(Items from a data source)
================================

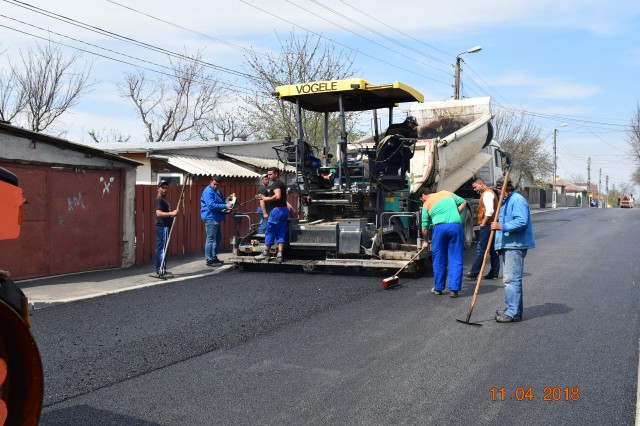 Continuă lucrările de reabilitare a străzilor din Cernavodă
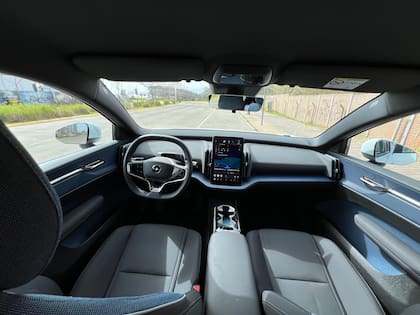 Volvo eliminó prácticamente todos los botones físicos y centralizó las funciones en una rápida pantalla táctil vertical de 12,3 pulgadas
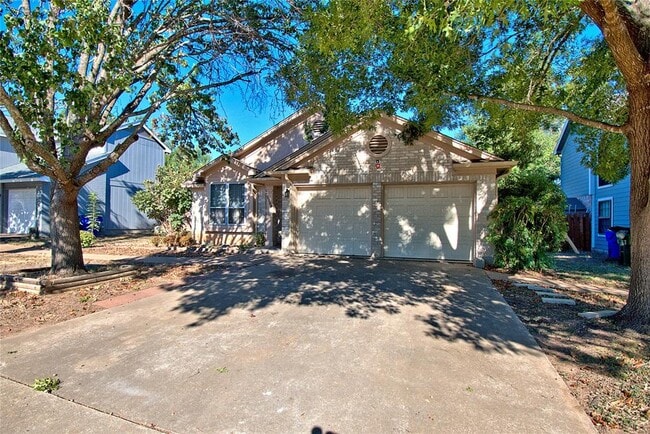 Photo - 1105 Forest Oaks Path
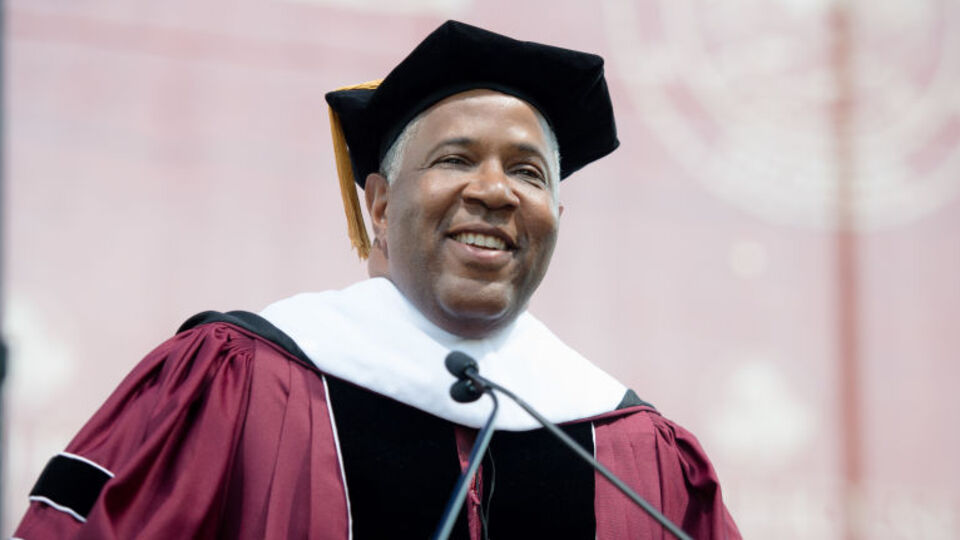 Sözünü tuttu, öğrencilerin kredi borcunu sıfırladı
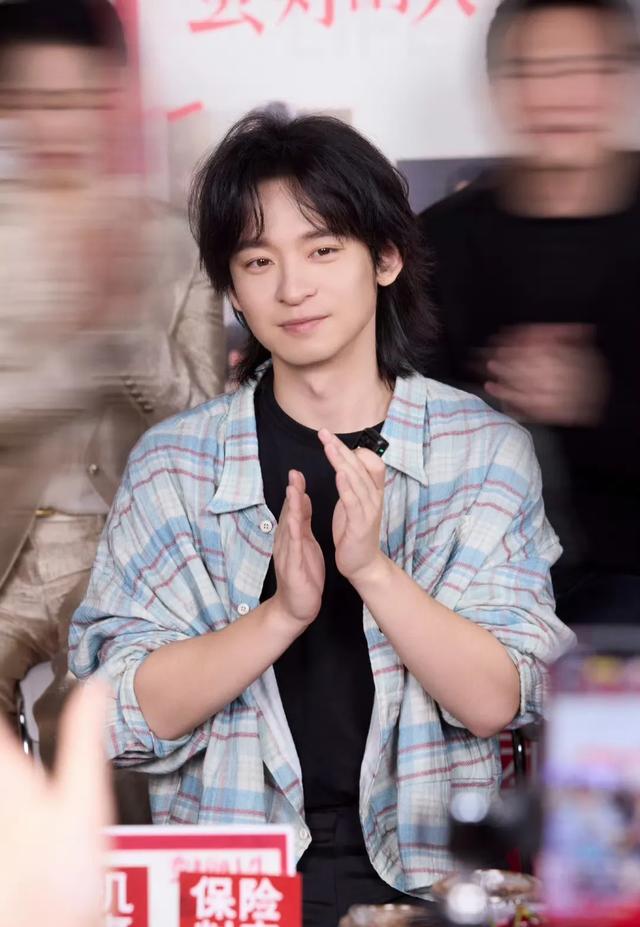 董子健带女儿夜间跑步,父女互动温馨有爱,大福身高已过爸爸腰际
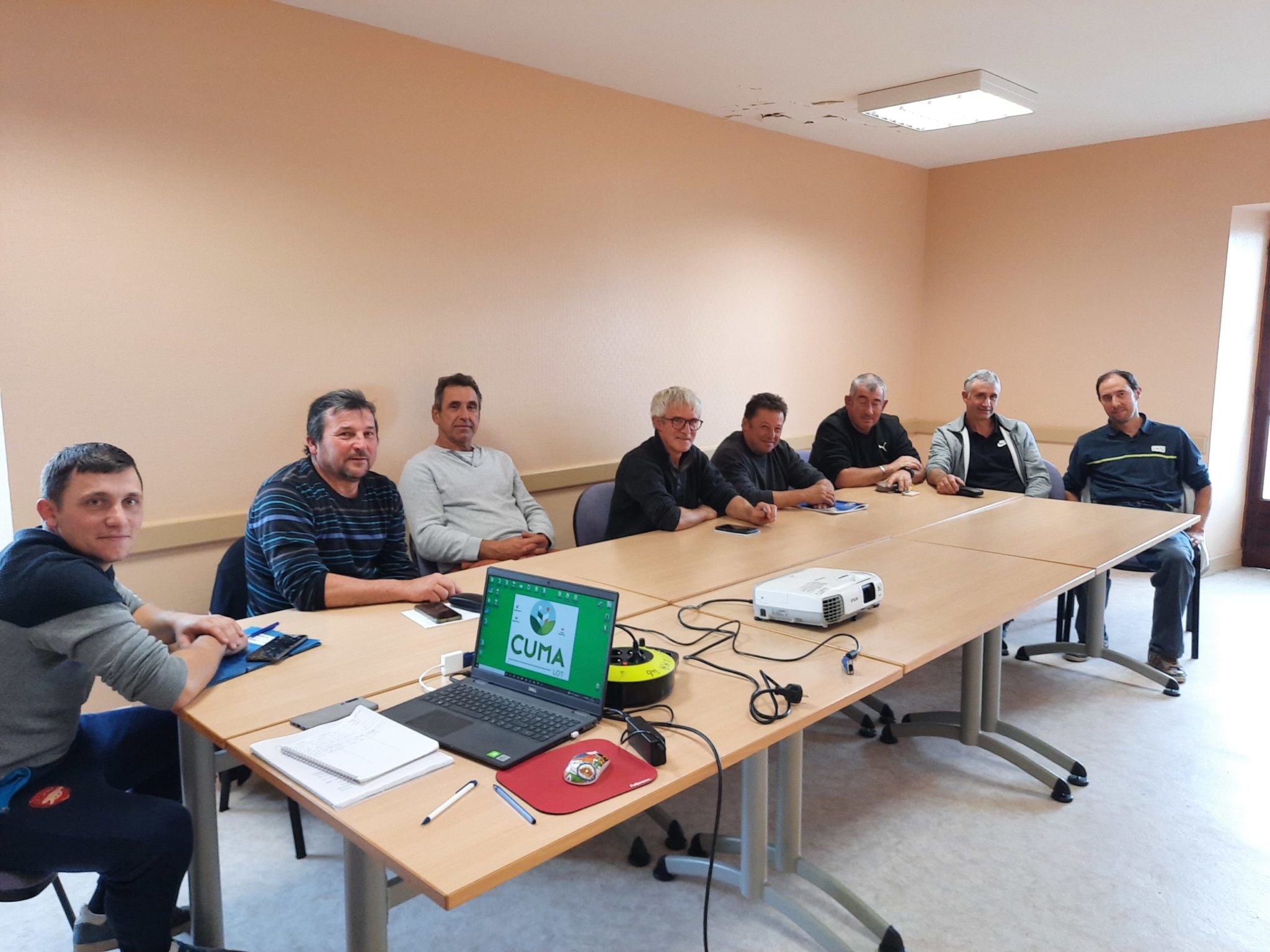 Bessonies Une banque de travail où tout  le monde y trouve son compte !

================================

» ACTIVITY:
Make an exact copy of the lines of the records from the line containing "Photo - 1105 Forest Oaks Path" through the final line, both ends included, but not of the pictures.

» WRITTEN ANSWER:
 Photo - 1105 Forest Oaks Path
 Sözünü tuttu, öğrencilerin kredi borcunu sıfırladı
 董子健带女儿夜间跑步,父女互动温馨有爱,大福身高已过爸爸腰际
 Bessonies Une banque de travail où tout  le monde y trouve son compte !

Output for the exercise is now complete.